Sami Romdhane, Country Manager de Visa Maroc : “notre principal concurrent est le cash”
Sara El Hanafi
Le 19 février 2019 à 17h12 | Modifié 19 février 2019 à 17h12

Alors que la culture du cash reste prédominante au Maroc, les opérateurs de paiement électronique présents dans le pays se font une concurrence acharnée pour engranger plus de parts de marché. C'est le cas de Visa Maroc, leader de l'activité sur le marché marocain. Entretien avec son DG, Sami Romdhane.

C'est en marge de l'Euromoney Conference, tenue ce 19 février, que nous avons rencontré Sami Romdhane, Country Manager de Visa Maroc et Mauritanie. Son entreprise est d'ailleurs l'un des principaux sponsors de cet événement qui a réuni divers poids lourds de l'industrie financière marocaine et mondiale.

Au menu de l'entretien, l'activité du leader des paiements électroniques au Maroc, ses perspectives et surtout, la place qu'il compte se forger avec les changements majeurs qui se préparent dans le monde du paiement cashless au Maroc. 

- LeBoursier : Visa est la marque pionnière du paiement électronique au Maroc. Quelle place tenez-vous aujourd’hui sur ce marché ?

- Sami Romdhane : Visa est présente au Maroc physiquement depuis 2005, mais nous sommes présents avec nos cartes depuis les années 1970 en acceptation. Les banques marocaines ont pour leur part commencé à émettre les cartes Visa depuis les années 1980.

Nous avons donc une véritable longueur d’avance sur toutes les autres marques, ce qui nous permet jusqu’à maintenant de maintenir notre leadership sur le marché marocain. Actuellement, et selon les derniers chiffres publiés par le Centre monétique interbancaire (CMI), nous sommes à près de 56% de part de marché en nombre de cartes.

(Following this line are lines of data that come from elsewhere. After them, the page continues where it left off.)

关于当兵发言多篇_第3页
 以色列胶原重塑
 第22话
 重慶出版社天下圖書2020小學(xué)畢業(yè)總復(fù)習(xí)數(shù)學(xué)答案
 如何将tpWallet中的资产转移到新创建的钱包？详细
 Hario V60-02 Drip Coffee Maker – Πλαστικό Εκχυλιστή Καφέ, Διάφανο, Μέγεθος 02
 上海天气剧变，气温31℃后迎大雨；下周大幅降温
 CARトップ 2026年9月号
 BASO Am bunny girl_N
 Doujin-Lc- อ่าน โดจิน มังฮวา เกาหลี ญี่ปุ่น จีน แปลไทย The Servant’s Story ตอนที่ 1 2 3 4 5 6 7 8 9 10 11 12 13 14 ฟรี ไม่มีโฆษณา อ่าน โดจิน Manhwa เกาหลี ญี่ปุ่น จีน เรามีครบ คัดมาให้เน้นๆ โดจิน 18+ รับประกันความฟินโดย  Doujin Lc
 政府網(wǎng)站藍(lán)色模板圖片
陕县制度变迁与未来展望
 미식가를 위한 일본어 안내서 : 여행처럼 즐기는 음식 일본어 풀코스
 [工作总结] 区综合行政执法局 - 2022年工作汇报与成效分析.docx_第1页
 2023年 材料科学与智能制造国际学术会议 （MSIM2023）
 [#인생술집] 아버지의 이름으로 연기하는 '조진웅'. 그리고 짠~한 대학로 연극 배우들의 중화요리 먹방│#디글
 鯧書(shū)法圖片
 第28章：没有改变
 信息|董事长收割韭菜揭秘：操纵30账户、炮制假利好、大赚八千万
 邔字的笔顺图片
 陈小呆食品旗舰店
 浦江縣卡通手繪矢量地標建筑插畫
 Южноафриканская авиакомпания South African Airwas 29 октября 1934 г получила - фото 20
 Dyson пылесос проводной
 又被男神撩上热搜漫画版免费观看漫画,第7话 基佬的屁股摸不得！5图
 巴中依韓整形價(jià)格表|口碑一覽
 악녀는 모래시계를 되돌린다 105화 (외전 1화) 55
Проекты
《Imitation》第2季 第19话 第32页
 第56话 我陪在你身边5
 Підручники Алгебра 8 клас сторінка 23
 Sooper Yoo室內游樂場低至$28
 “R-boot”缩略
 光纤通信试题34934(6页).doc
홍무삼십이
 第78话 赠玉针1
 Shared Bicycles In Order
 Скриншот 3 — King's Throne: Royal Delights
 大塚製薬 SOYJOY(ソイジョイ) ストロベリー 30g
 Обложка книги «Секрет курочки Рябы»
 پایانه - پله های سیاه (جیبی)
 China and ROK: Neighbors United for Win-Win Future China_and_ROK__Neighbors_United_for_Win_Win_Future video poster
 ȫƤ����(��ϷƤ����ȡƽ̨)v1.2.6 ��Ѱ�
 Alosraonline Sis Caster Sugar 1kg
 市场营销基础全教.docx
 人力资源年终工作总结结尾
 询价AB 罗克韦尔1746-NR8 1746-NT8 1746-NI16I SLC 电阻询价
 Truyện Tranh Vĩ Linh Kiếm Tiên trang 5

Mais en termes de volume de paiements, qui est l’indicateur de référence dans notre industrie, nous sommes à plus de 75% de part de marché. Nous en sommes fiers et nous comptons consolider et développer cette position.

- Comment comptez-vous justement développer votre leadership? Quel est le potentiel qu’offre encore le marché marocain ?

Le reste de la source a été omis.